Why This Case Resonates

On the surface, Mammoet v BOC is about a sunken ship. But underneath, it’s about something larger: the accountability of state-linked actors in commercial disputes.

The decision matters because:

  • Foreign investors often contract with state entities in high-risk environments.
  • Enforcement of arbitral awards is critical to commercial confidence.
  • Courts that stand firm on treaty principles signal legal reliability.

This ruling shows that arbitration isn’t a hollow promise. Not in Amsterdam, at least.


Public Policy: Not a Loophole for the Losing Party

There’s always a temptation—after losing an arbitration—to argue that something just didn’t feel right. That the tribunal misunderstood, or that procedural quirks made the outcome unjust. But courts are increasingly skeptical.

As this ruling shows, public policy defences require clear, specific evidence of fundamental unfairness, not vague dissatisfaction (Mondaq, 2024).


What makes this case powerful is its normalcy.
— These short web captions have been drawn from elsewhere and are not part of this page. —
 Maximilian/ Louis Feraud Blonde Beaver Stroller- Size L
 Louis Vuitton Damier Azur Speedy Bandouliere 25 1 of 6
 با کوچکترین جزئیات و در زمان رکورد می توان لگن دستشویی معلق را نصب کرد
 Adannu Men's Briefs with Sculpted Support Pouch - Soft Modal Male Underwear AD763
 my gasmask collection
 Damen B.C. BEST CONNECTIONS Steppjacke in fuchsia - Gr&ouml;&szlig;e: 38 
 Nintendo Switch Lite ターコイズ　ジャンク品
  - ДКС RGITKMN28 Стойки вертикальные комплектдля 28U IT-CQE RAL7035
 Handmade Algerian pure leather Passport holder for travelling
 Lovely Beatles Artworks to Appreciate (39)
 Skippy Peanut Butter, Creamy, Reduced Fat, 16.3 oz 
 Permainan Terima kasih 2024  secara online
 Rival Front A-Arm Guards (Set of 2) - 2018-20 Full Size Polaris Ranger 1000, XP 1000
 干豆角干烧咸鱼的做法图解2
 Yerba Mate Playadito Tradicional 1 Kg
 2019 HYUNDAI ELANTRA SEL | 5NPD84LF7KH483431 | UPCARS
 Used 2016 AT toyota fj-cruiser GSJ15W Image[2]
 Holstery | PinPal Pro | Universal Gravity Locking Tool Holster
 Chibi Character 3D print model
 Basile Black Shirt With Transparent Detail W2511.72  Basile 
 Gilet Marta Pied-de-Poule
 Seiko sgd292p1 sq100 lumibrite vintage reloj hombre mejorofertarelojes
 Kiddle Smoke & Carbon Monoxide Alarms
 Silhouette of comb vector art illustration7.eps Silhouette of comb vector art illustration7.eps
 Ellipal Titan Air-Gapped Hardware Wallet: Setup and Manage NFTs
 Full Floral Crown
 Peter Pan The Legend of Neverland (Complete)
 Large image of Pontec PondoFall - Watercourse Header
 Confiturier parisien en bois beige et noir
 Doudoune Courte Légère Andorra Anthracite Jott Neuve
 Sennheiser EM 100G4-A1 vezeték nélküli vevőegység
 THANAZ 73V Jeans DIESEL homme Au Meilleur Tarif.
The court didn’t grandstand. It didn’t politicize. It applied treaty law, tested the objections, and ruled accordingly.

In doing so, it delivered a message:
State ownership does not equal immunity. A commercial contract is still a contract.


Conclusion: When Law Meets Sovereignty

The Mammoet ruling isn’t revolutionary. But it is important. It reinforces the idea that international arbitration still works, even when one party wears a sovereign badge.

Yes, enforcement paths can be uneven. But in rule-of-law jurisdictions, the road remains open. For investors, contractors, and practitioners alike, that offers a measure of certainty worth remembering.


References

  • Daily Jus (2025) ‘Amsterdam Court of Appeal Grants Enforcement of ICC Award Against Iraqi State Oil Company’, Arbitration Aftermath, 13 March. Available at (Accessed: 15 March 2025).

  • Global Arbitration Review (2025) ‘Dutch court enforces against Iraqi state entity’, 4 March. Available at (Accessed: 15 March 2025).

  • Guide to New York Convention (2023) Article V – Grounds to Refuse Recognition and Enforcement. Available at (Accessed: 15 March 2025).

  • Jus Mundi (2025) Mammoet Salvage BV v Basra Oil Company BOC – DIFC Court Appeal Decision, 27 January. Available at (Accessed: 15 March 2025).

  • Mondaq (2024) An Appraisal of the Defence of Sovereign Immunity in the Enforcement of Foreign Arbitral Awards, 15 May. Available at (Accessed: 15 March 2025).

  • Slaughter & May (2025) ‘Enforcement of Awards Against States: Exceptions to State Immunity’, 1 May. Available at (Accessed: 15 March 2025).

  • UNCITRAL (1958) Convention on the Recognition and Enforcement of Foreign Arbitral Awards (New York). Available at (Accessed: 15 March 2025).